The energy consumption of battery chargers has two main contributors: charging efficiency and standby power consumption.
Unfortunately, many people leave the chargers and cradles connected to mains power when the charger is not used. The standby power consumption (also called “no-load power consumption”) is significant. A simple calculation shows that power consumed in standby mode is about the same as the energy consumed when loading the battery.
One of our main design goals was, therefore, minimizing standby power. Go low!
We did go low. We have demonstrated a system with only 0.0001 Watt (100 µW) standby power consumption. And that is probably not the bottom.
The other contributor is charging efficiency. Our wireless chargers have the same ingredients as a wired charger (an AC-DC adaptor plus charging electronics) and one additional ingredient: the copper wire between adaptor and the mobile phone is replaced with a wireless link.

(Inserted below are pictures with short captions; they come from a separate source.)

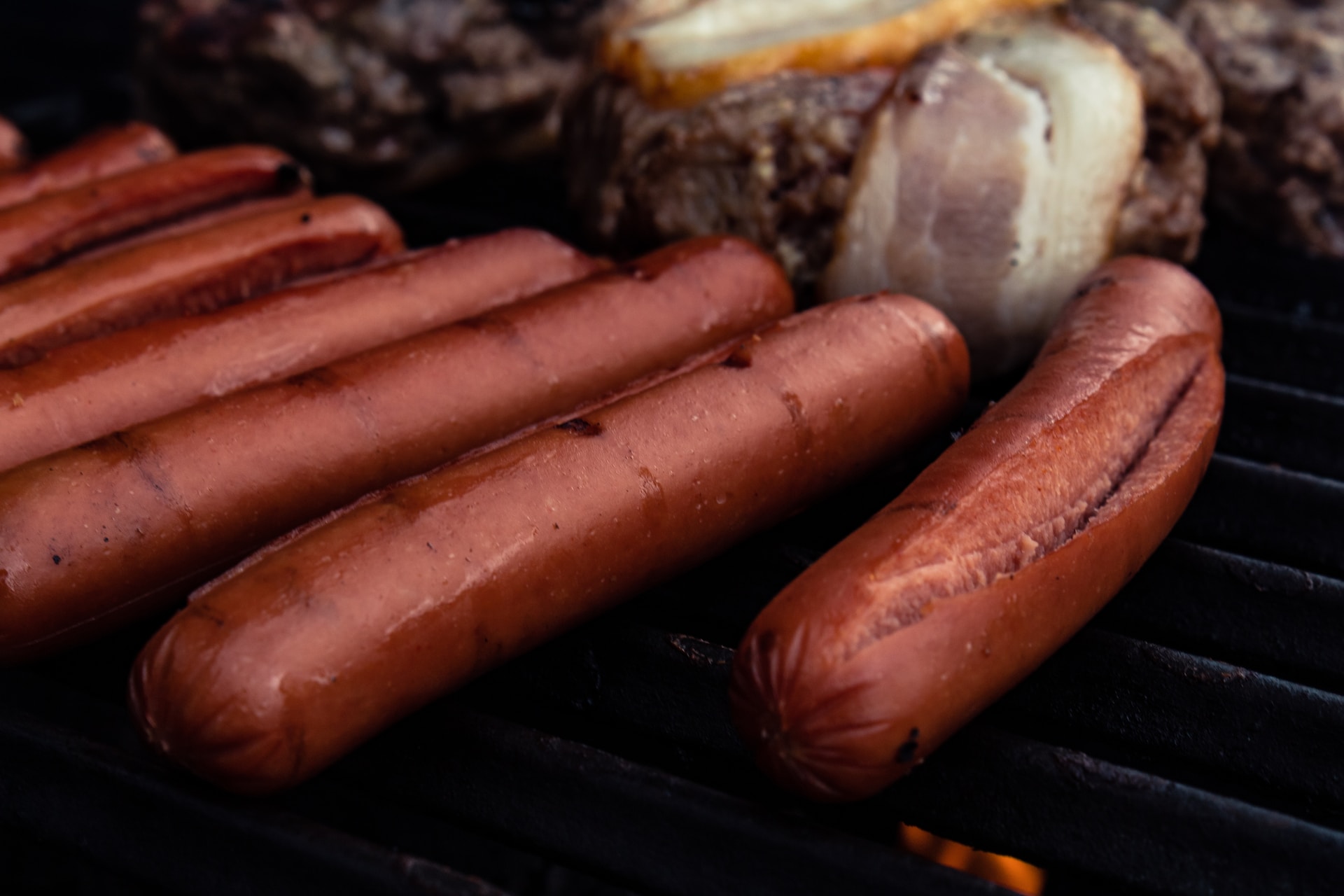 Grilled Hot Dogs on a grill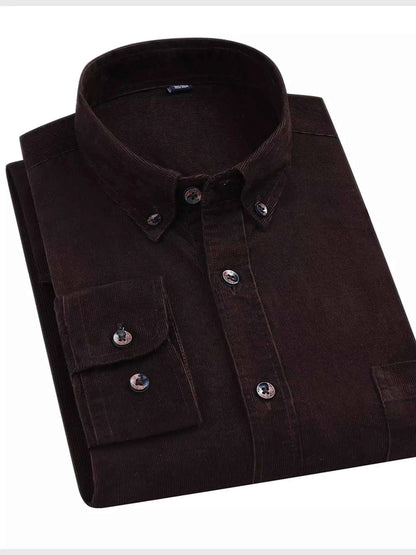 Men's Full Size Corduroy Long Sleeve Button-Down Shirt Plus Size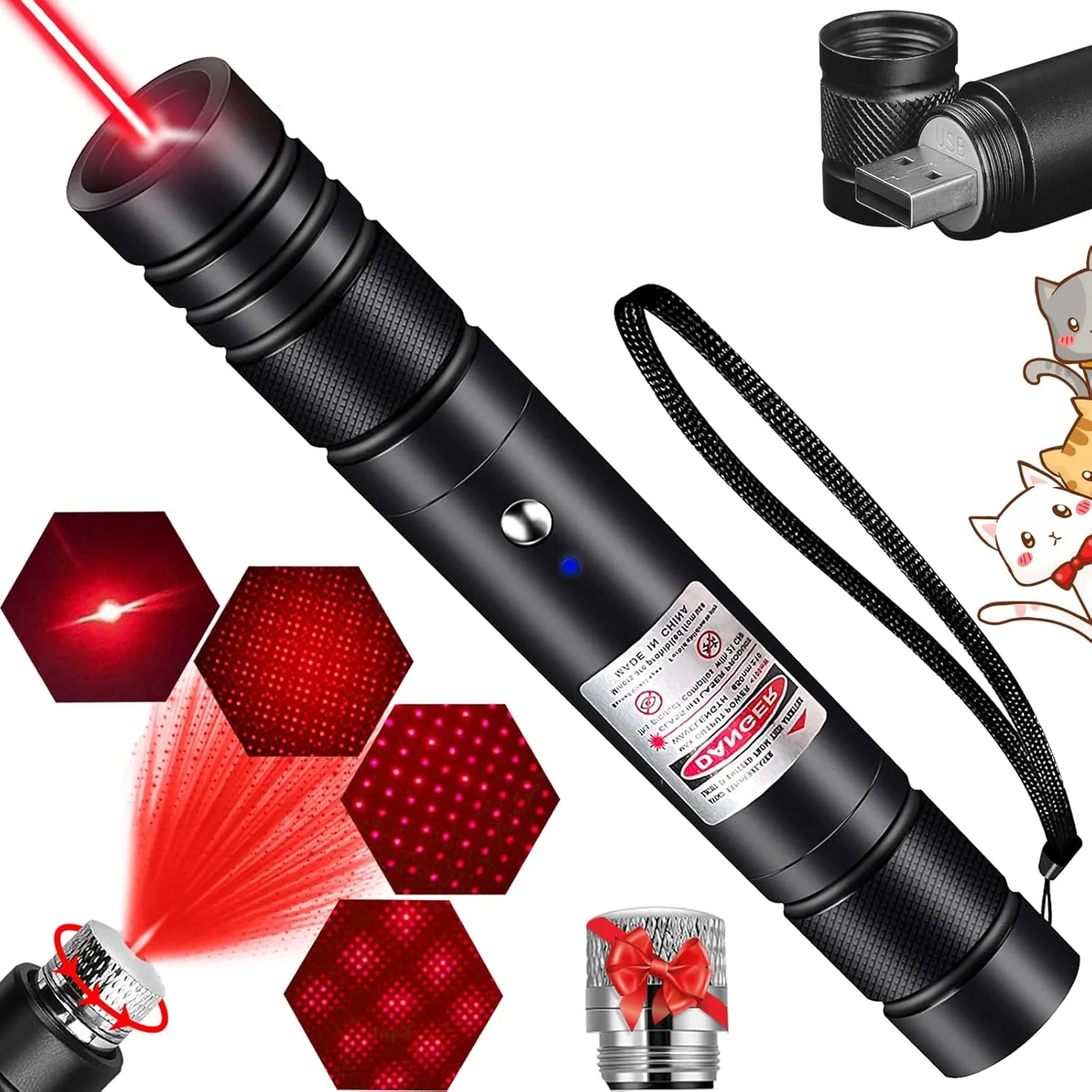 Red Laser Pointer Cat Toy, Red High Power Laser Pointer Long Range Strong Laser Light Pointer for Cats Dogs Toy Rechargeable Pointer Laser for Presentations Teaching Outdoor Cat Laser Toy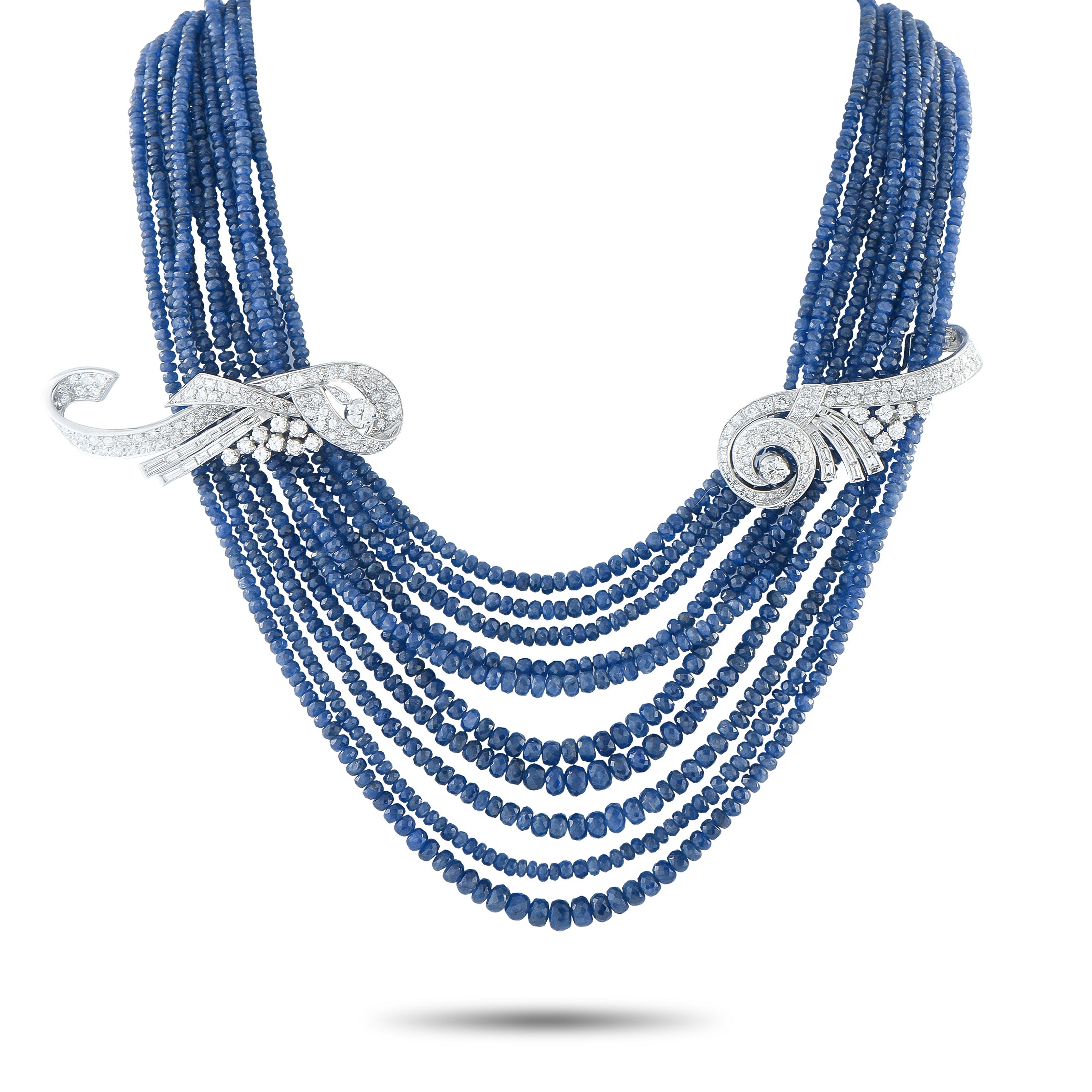 Exclusive 18K White Gold 9.75ct Diamond and 400.0ct Sapphire Multi-StrandNecklace MF12-090525 – Rich color and brilliant spar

It may look obvious that this link is not as efficient as a copper wire (what can beat a copper wire?), but optimization of the complete power transfer chain (including AC/DC conversion and battery charging electronics) can make the transfer as efficient as a wired charger.
Kalyan Siddabattula compared the power losses in a wired and wireless charging system and found that wireless chargers can be made as efficient as a wired charger when you integrate the charger functionality into the wireless power receiver electronics.